Chaque groupe social qui reconnaît l'importance d'une gemme, quelle qu'en soit la raison profonde, lui attribue de ce fait même une valeur, si bien que la gemme peut être considérée comme monnaie, dans un consensus général (si tel est actuellement le cas du diamant, tel n'est pas celui du jade, très apprécié dans les civilisations orientales mais très mal connu en Occident). Il est possible que les colliers de nacre de nos lointains ancêtres aient été leur porte-monnaie et leur aient permis d'effectuer des échanges. La gemme devient alors symbole de puissance financière.
Sans doute la parure de bijou participe t'elle un peu de toutes ces motivations. La gemme naturelle, et donc unique, valorise, en la différenciant, la personnalité de celui qui la porte. Mais, par sa similitude avec d'autres gemmes de même nature, elle prouve l'appartenance à un même groupe socioculturel.

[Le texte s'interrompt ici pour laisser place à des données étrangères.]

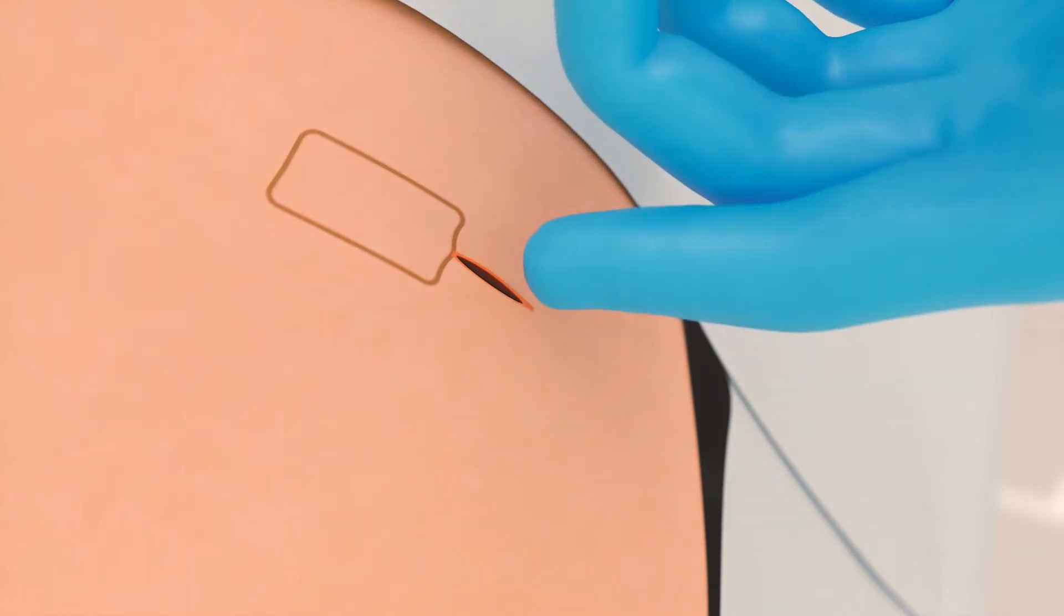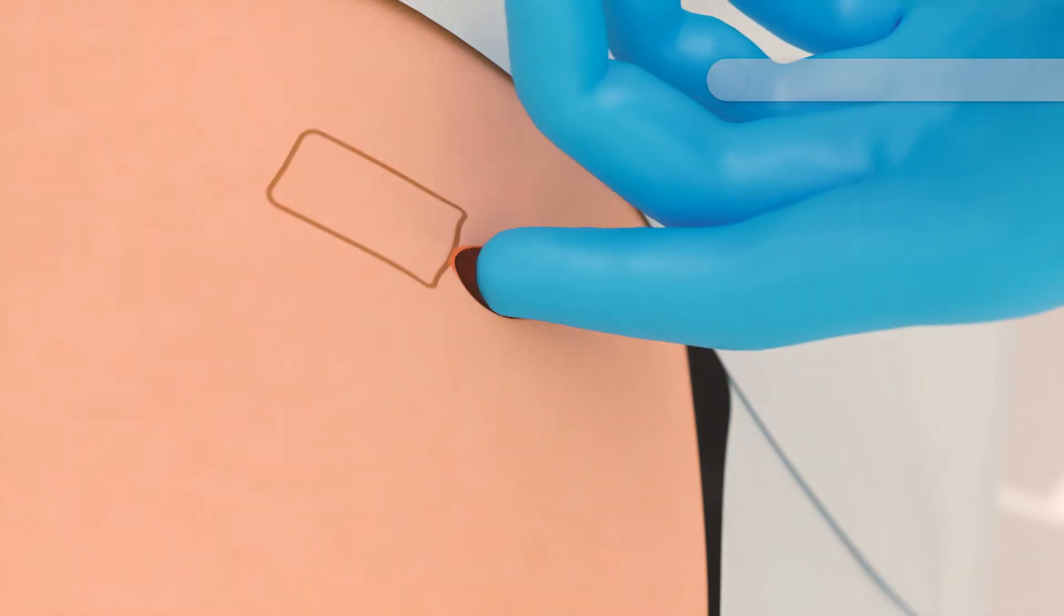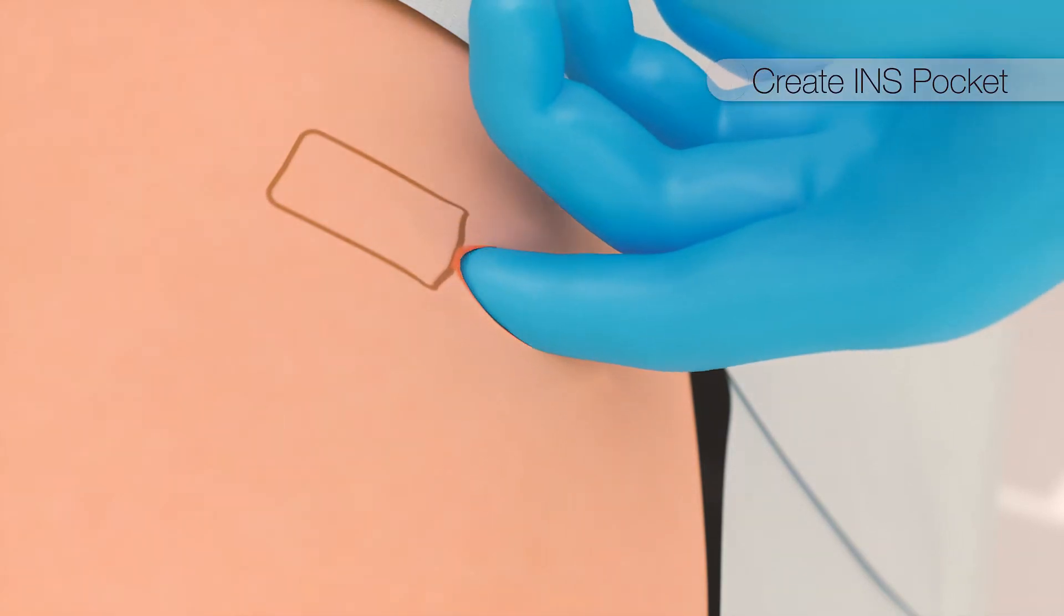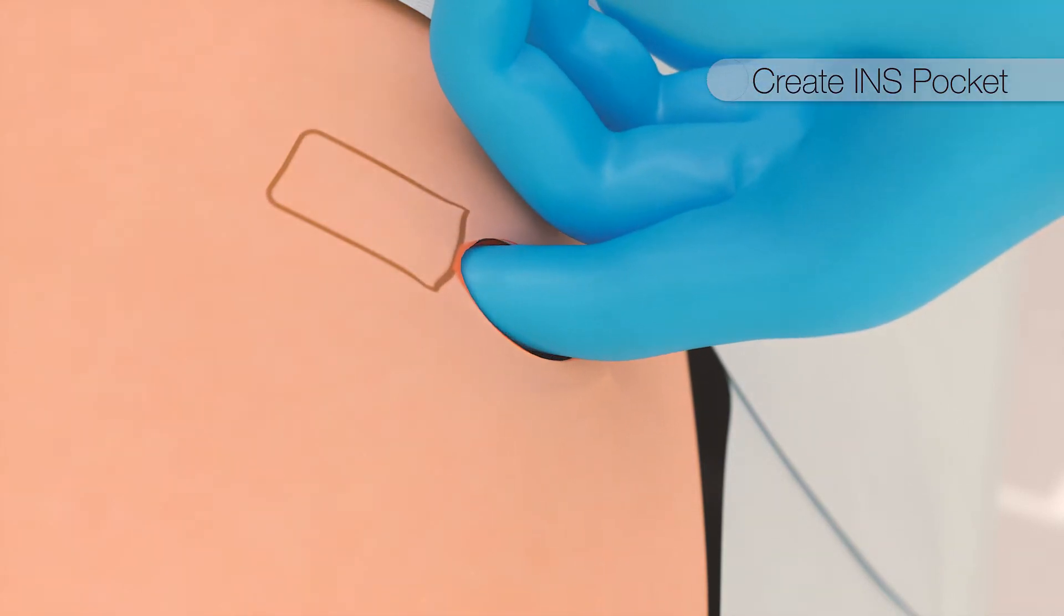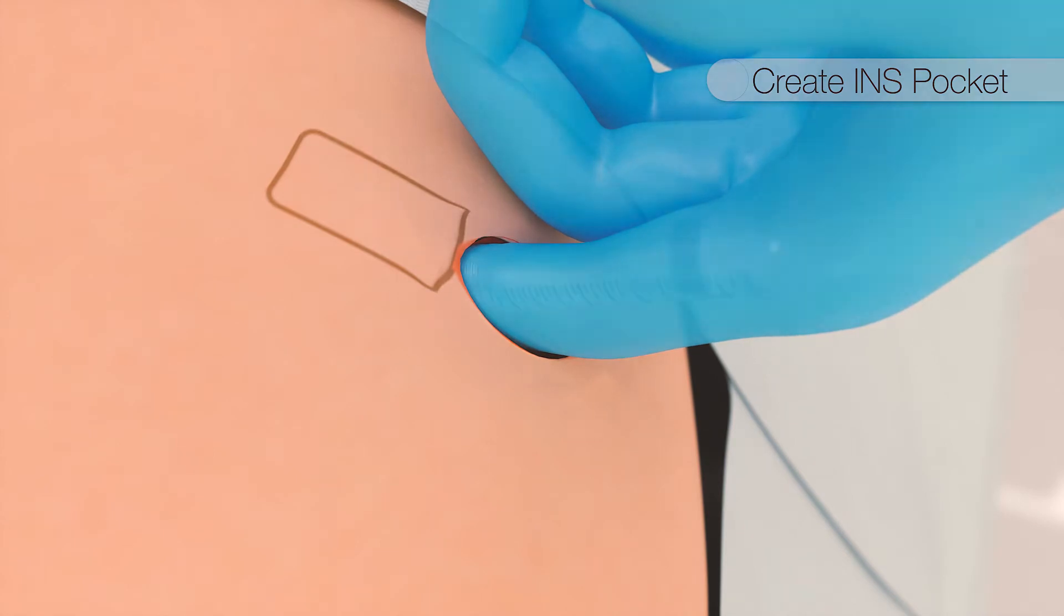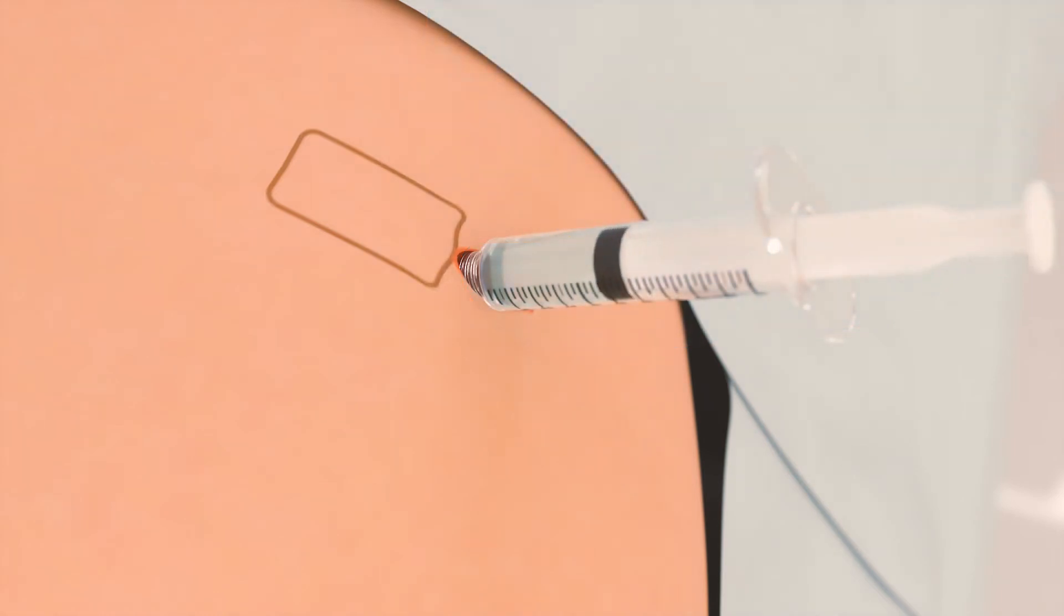After the stimulator incision is created, a pocket is created medial to the incision using blunt dissection techniques at a recommended depth of less than two centimeters. Hemostasis is confirmed and the pocket is irrigated.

Par sa grosseur et sa rareté, elle montre le rang social auquel est parvenu son propriétaire. Elle doit cependant s'harmonier aussi avec ses particularités physiques (une personne blonde ne porte pas les mêmes pierres qu'une brune), avec ses sentiments (une personne calme est mal à l'aise en portant une gemme de couleur trop agressive).
La gemme doit offrir un complément à la personne qu'elle orne en vibrant, en vivant à l'unisson avec elle. Et, malgré l'attitude de scepticisme généralisé affecté aujourd'hui, n'y a t'il pas là le reste d'une superstition ancestrale?